Top of Available data
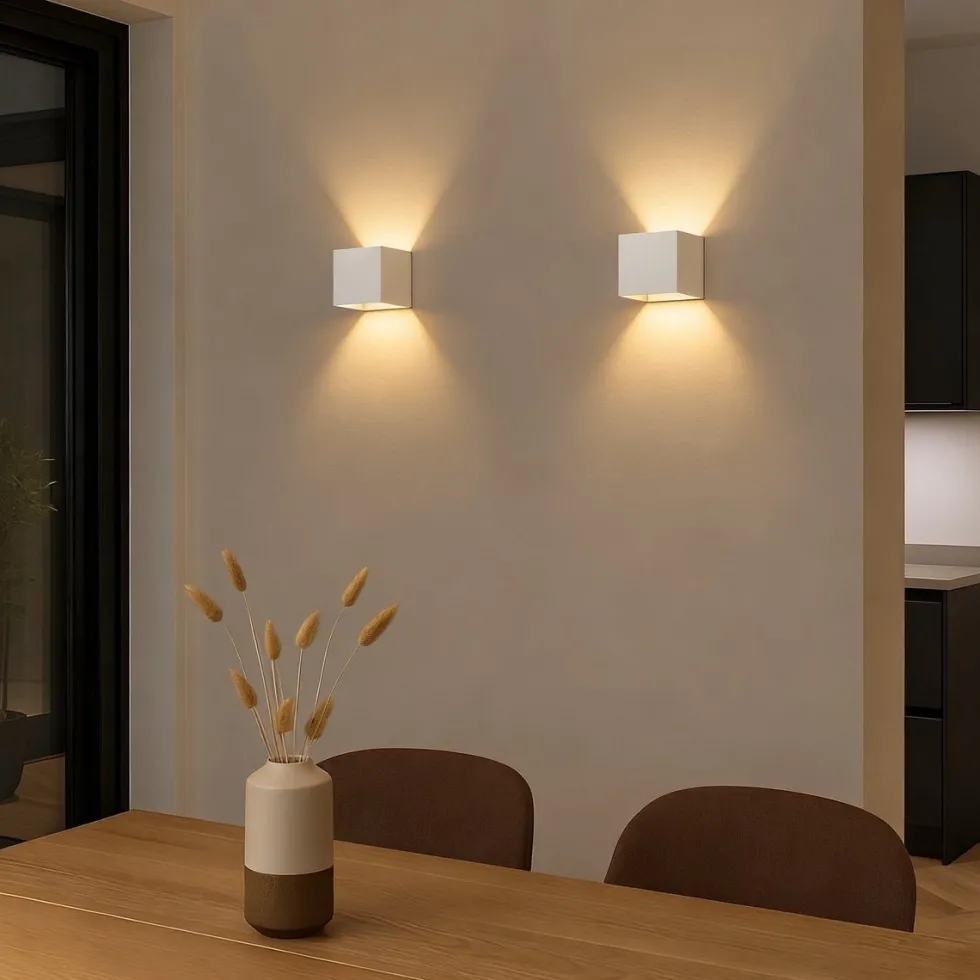 Calex wandlamp Falerna beige 8,5 x 8,5 x 8,8 cm 2 stuks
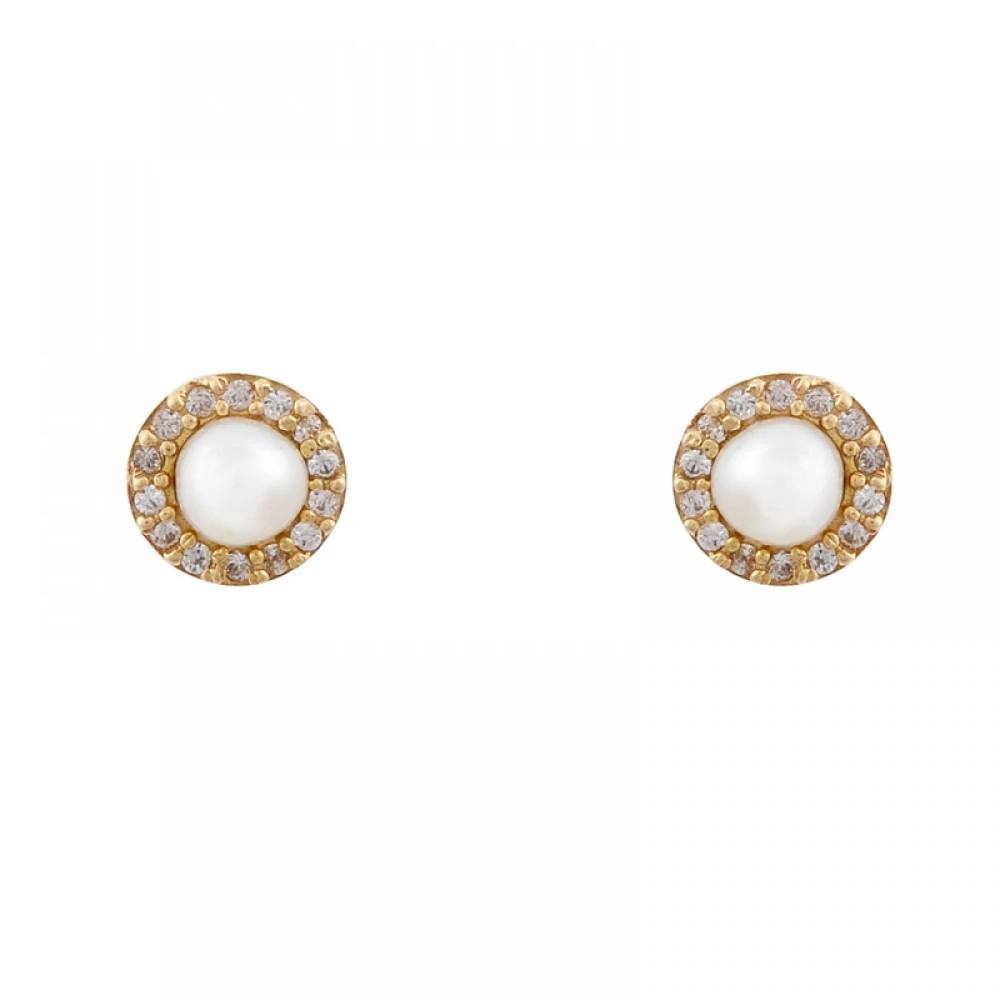 14K Χρυσά Σκουλαρίκια με Μαργαριτάρι & Ζιργκόν SK5134O
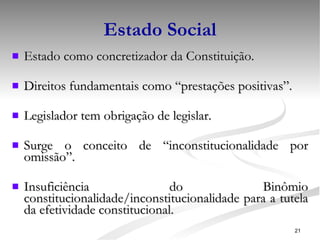 Estado Social Estado como concretizador da Constituição.  Direitos fundamentais como “prestações positivas”.  Legislador tem obrigação de legislar.  Surge o conceito de “inconstitucionalidade por omissão”.  Insuficiência do Binômio constitucionalidade/inconstitucionalidade para a tutela da efetividade constitucional. 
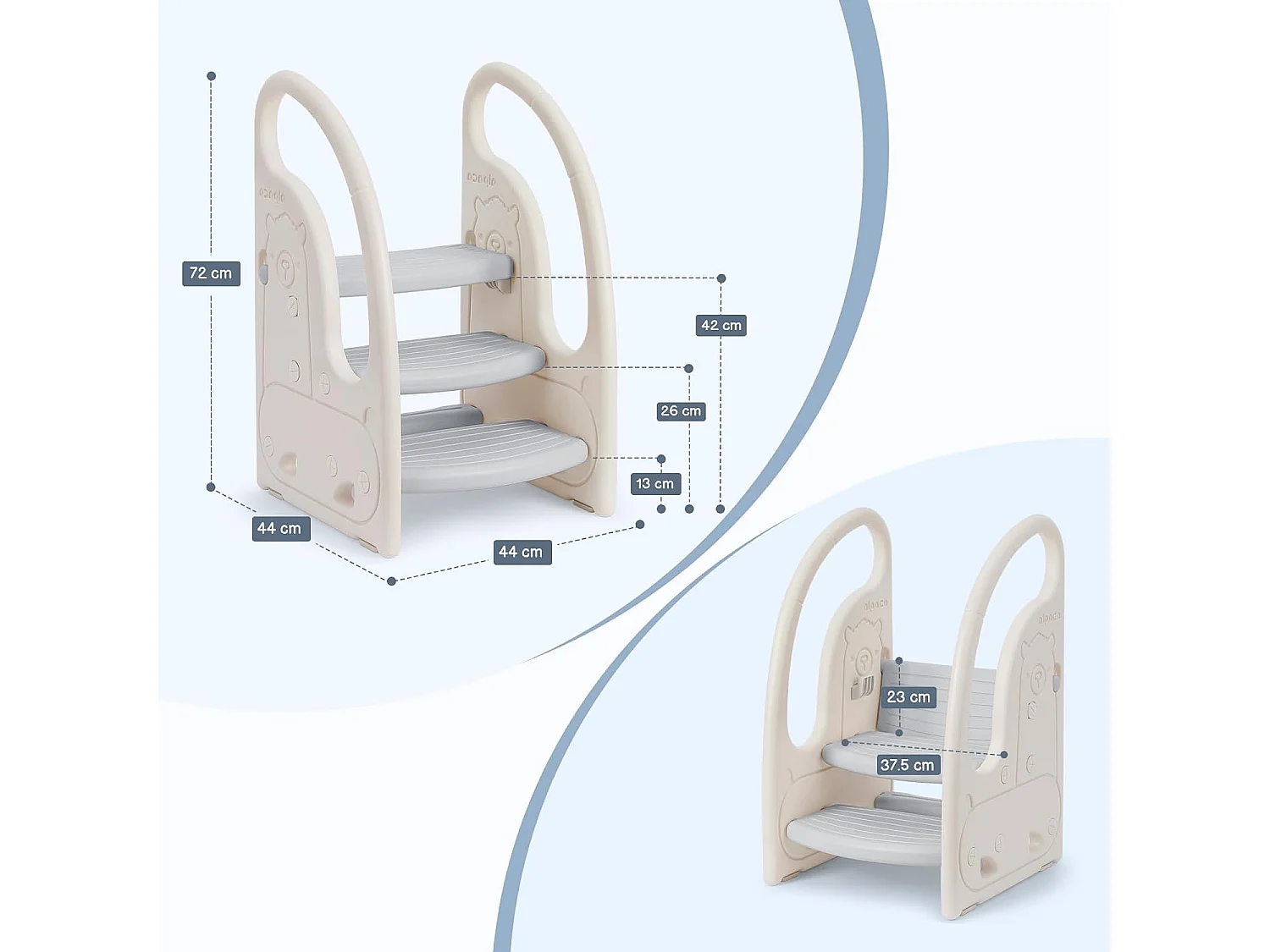 Onasti Escabeau réglable en hauteur à trois niveaux pour enfants avec barre de confort, de 1,5 à 6 ans (Gris)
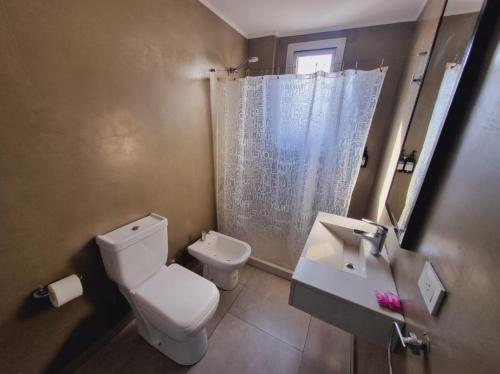 a bathroom with a toilet and a sink and a mirror at Espectacular departamento en Palermo in Buenos Aires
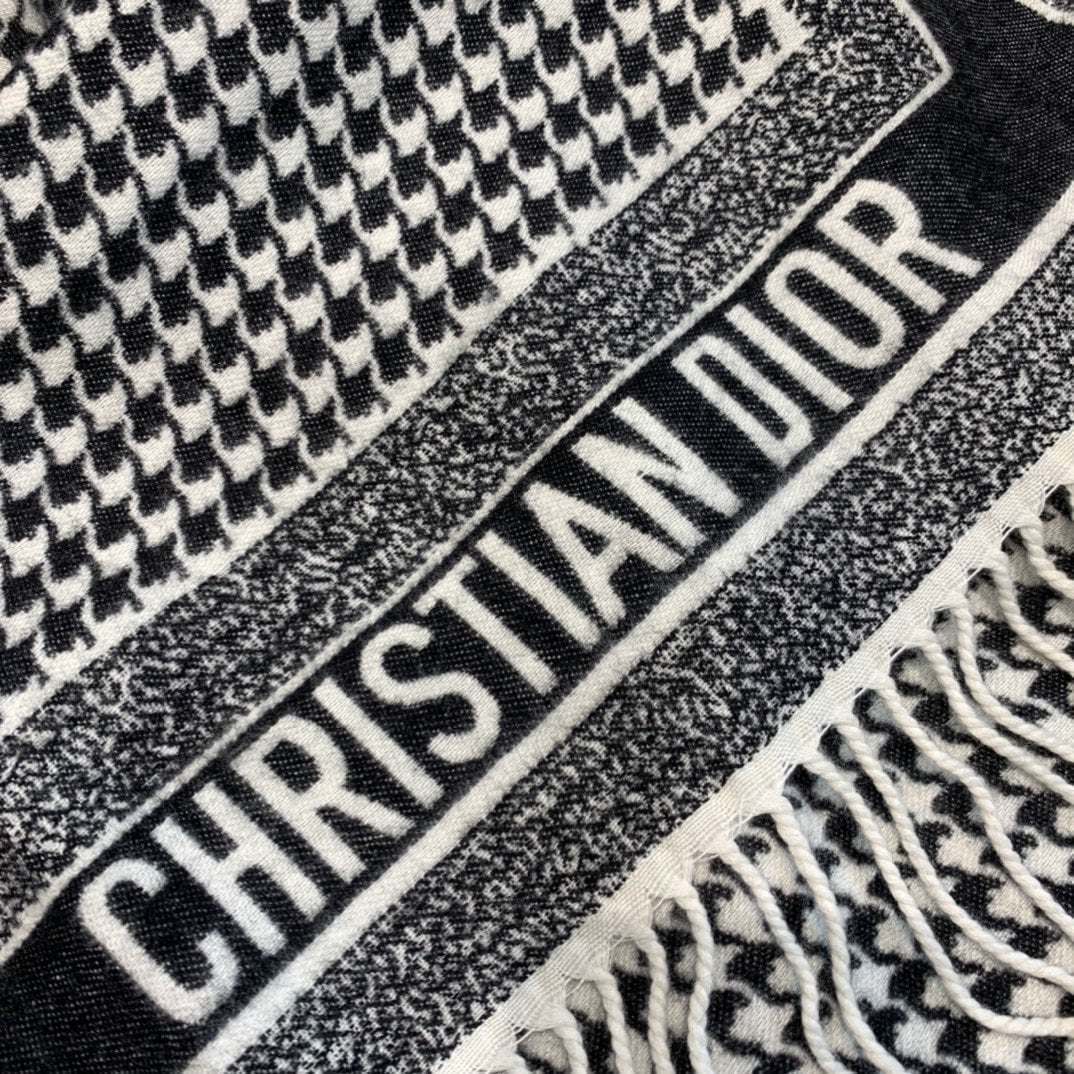 Dior Oblique Blanket Scarf Grey 55in/140cm - Image 5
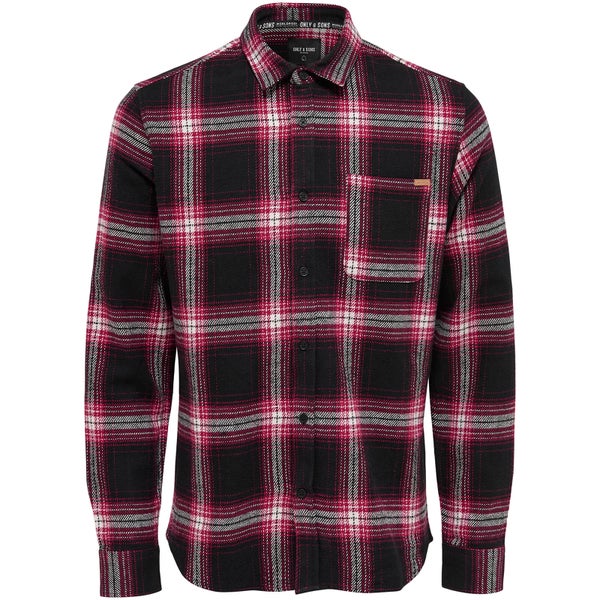 Only & Sons Men's Oconnor Heavy Brushed Check Shirt - Haute Red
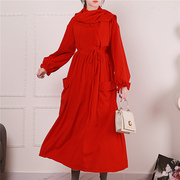秋冬加绒加厚长袖复古风红裙订婚大码连衣裙宽松显瘦法式长裙
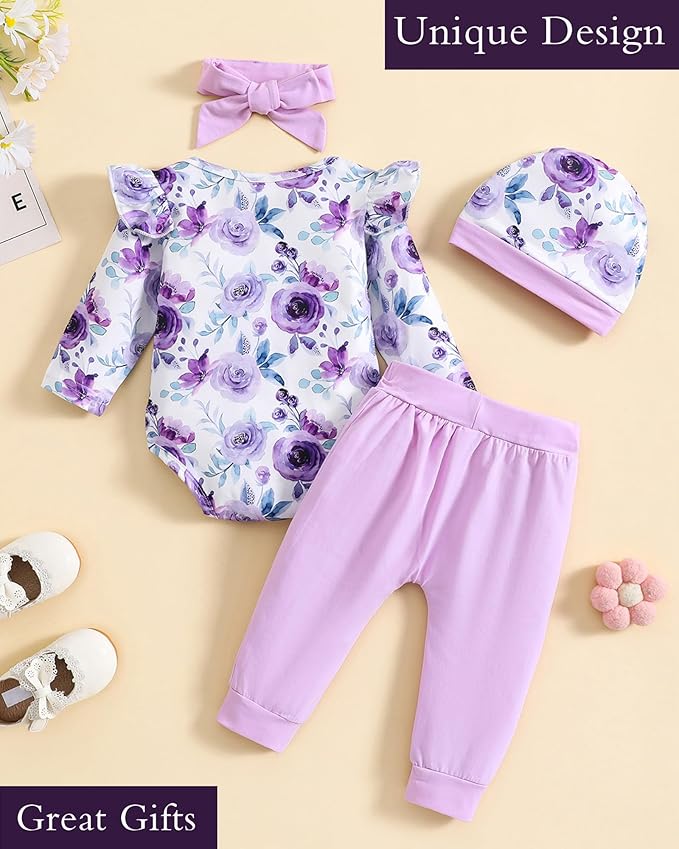 Baby Girl Clothes Newborn Infant Outfits Cute Summer Clothes Spring Romper Set+Hat+Headband
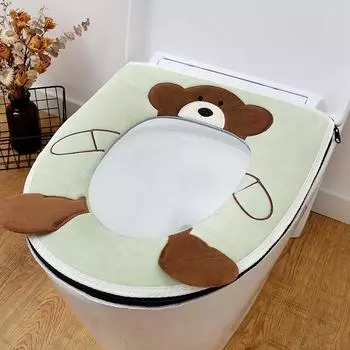 Зимний домашний теплый коврик для унитаза с рисунком, утолщенный мягкий чехол для унитаза на молнии, чехлы для унитаза, съемная подушка для унитаза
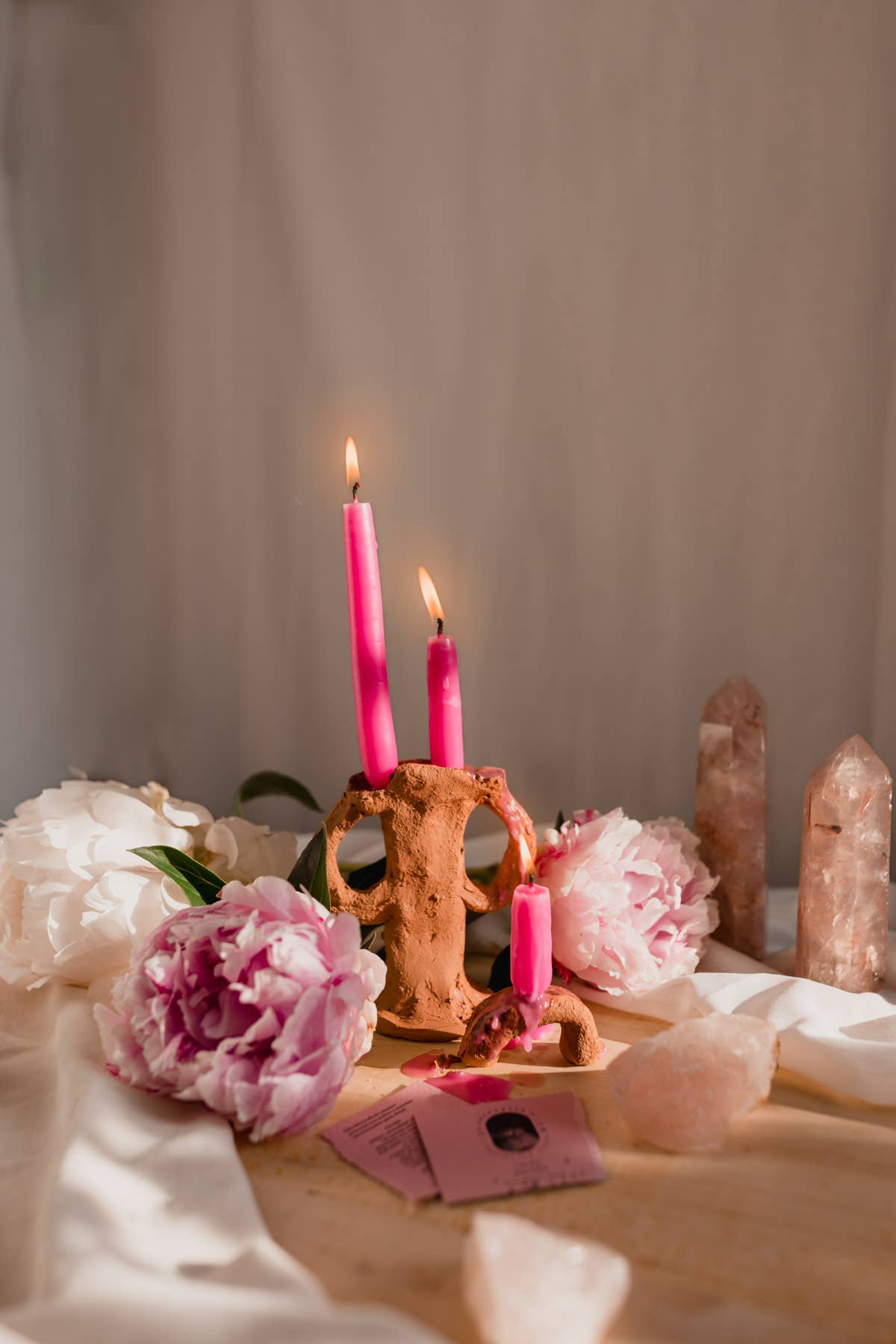 PEONIA pink Ritual Candle  (Strength and self-love)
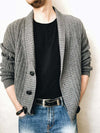 Men's Solid Color Knit Front Sweater Cardigan - 0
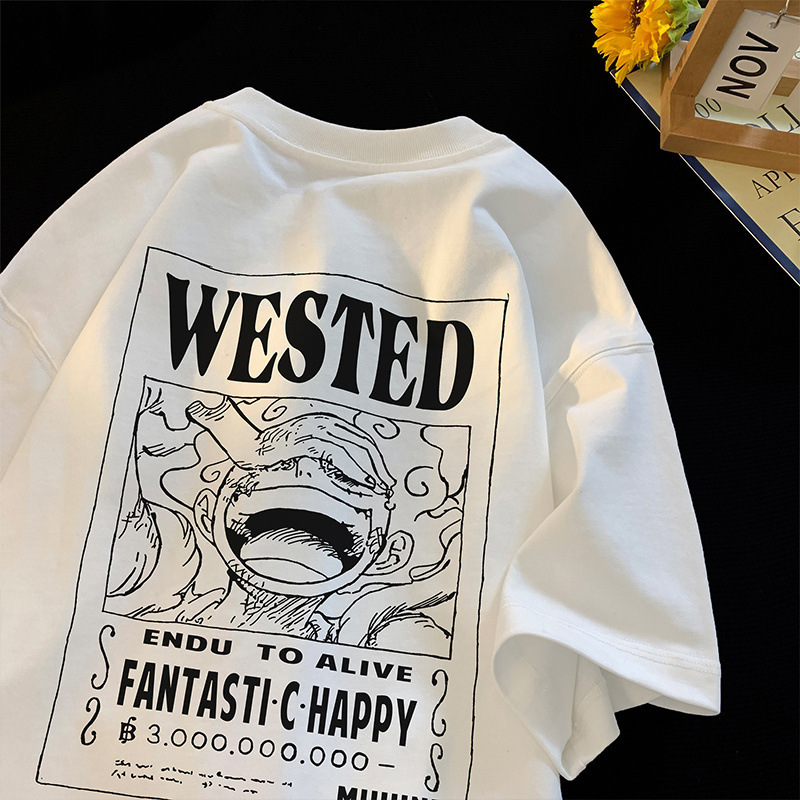 Luffy Printed Cotton Short-sleeved T-shirt Men's Round Neck Heavy plus size Loose Casual Half-sleeved Clothes for Teenagers Luffy Printed Cotton Short-sleeved T-shirt Men's Round Neck Heavy plus size Loose Casual Half-sleeved Clothes for Teenagers
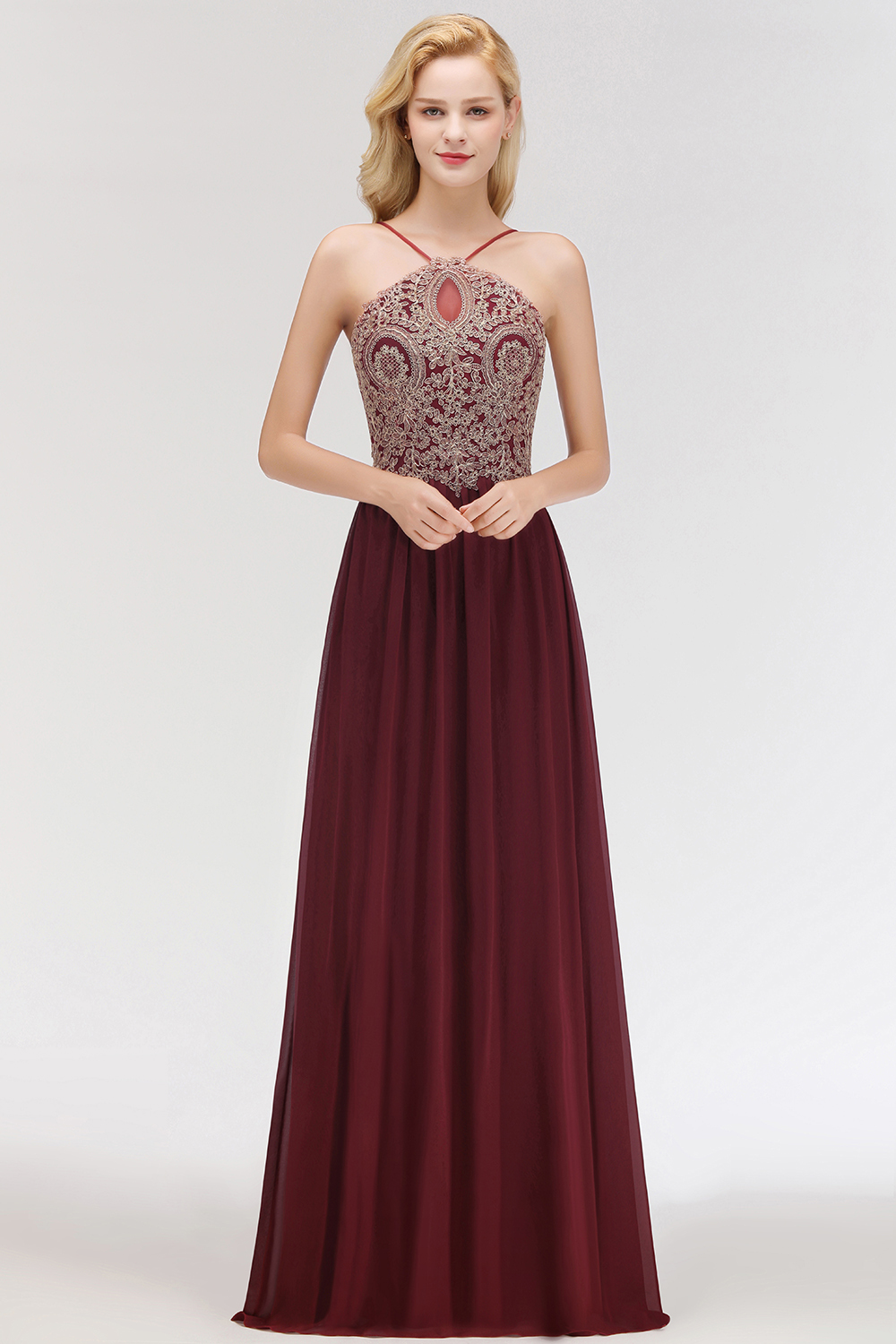 BMbridal Chic Spaghetti Straps Long Burgundy Backless Bridesmaid Dress with Appliques-BMbridal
Bottom of Available data
• _Try it_: Leave out every picture, and copy exactly the lines above starting at the one holding "14K Χρυσά Σκουλαρίκια" and ending at the one holding "PEONIA pink Ritual", no more and no less.

• _Result of this task_:
 14K Χρυσά Σκουλαρίκια με Μαργαριτάρι & Ζιργκόν SK5134O
 Estado Social Estado como concretizador da Constituição.  Direitos fundamentais como “prestações positivas”.  Legislador tem obrigação de legislar.  Surge o conceito de “inconstitucionalidade por omissão”.  Insuficiência do Binômio constitucionalidade/inconstitucionalidade para a tutela da efetividade constitucional. 
 Onasti Escabeau réglable en hauteur à trois niveaux pour enfants avec barre de confort, de 1,5 à 6 ans (Gris)
 a bathroom with a toilet and a sink and a mirror at Espectacular departamento en Palermo in Buenos Aires
 Dior Oblique Blanket Scarf Grey 55in/140cm - Image 5
 Only & Sons Men's Oconnor Heavy Brushed Check Shirt - Haute Red
秋冬加绒加厚长袖复古风红裙订婚大码连衣裙宽松显瘦法式长裙
 Baby Girl Clothes Newborn Infant Outfits Cute Summer Clothes Spring Romper Set+Hat+Headband
 Зимний домашний теплый коврик для унитаза с рисунком, утолщенный мягкий чехол для унитаза на молнии, чехлы для унитаза, съемная подушка для унитаза
 PEONIA pink Ritual Candle  (Strength and self-love)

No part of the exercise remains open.